You are viewing a plain text version of this content. The canonical link for it is here.
Posted to user@poi.apache.org by "Allison, Timothy B." <ta...@mitre.org> on 2016/06/29 12:52:50 UTC
xlsx somewhat recently switched to Scientific notation for long
sequences of digits?
All,
On https://issues.apache.org/jira/browse/TIKA-2025, a Tika user noted that, at least for xlsx, what used to be rendered as a long sequence of digits (e.g. 340229177292566) is now being extracted as scientific notation (3.40229E+14). This new behavior mimics Excel more closely, but is there an easy/obvious way for us at the Tika level to revert back to extracting the full sequence of digits or do I have to look into this at the POI level?
Thank you.
Best,
Tim
RE: xlsx somewhat recently switched to Scientific notation for long
sequences of digits?
Posted by "Allison, Timothy B." <ta...@mitre.org>.
As Aeham Abushwashi pointed out on TIKA-2025, this was caused by the improvement/closer alignment to Excel's spec in org.apache.poi.ss.usermodel.ExcelGeneralNumberFormat.
https://bz.apache.org/bugzilla/show_bug.cgi?id=58471
and
http://svn.apache.org/viewvc?diff_format=h&view=revision&revision=1706971
Short of redoing custom formatting at the Tika level, any recommendations?
---------------------------------------------------------------------
To unsubscribe, e-mail: user-unsubscribe@poi.apache.org
For additional commands, e-mail: user-help@poi.apache.org
RE: xlsx somewhat recently switched to Scientific notation for long
sequences of digits?
Posted by "Allison, Timothy B." <ta...@mitre.org>.

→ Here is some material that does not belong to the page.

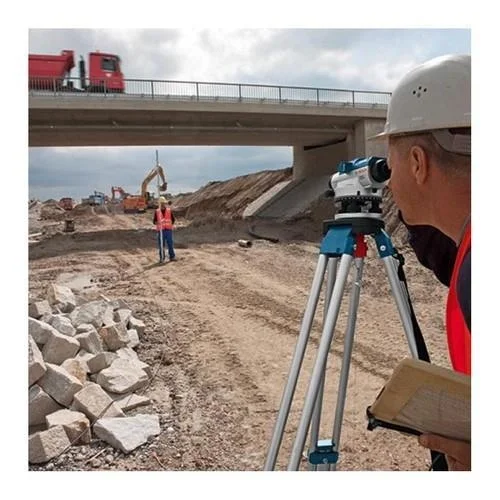 Bosch GOL 32 D+BT 160+GR 500 Mira Ölçüm Cihazı - Görsel 2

Got it. I realize there's a double under the hood for all numbers in POI and Excel, and I agree that you can't have a 16 digit numeric in Excel...that would have to be stored as a string/text cell in Excel.
The question has more to do with a change in formatting for the < 16 digit numerics.
With poi-3.13, FormatTrackingHSSFListener's formatNumberDateCell(number) for these numbers yielded "340229177292566".
With poi-3.15-beta1, we're getting "3.40229E+14". Again, to be fair, "3.40229E+14" is exactly what Excel displays if the columns are of a certain width, so in some ways this is progress.
The question: is there an easy way for us to get the old behavior?
-----Original Message-----
From: Javen O'Neal [mailto:javenoneal@gmail.com]
Sent: Wednesday, June 29, 2016 11:13 AM
To: POI Users List <us...@poi.apache.org>
Subject: Re: xlsx somewhat recently switched to Scientific notation for long sequences of digits?
Excel and POI don't make a distinction between double/decimal and int. Does Excel make any guarantees that doubles won't have precision issues?
16-digit credit cards are not storable as 32-bit ints, but require 64-bit longs.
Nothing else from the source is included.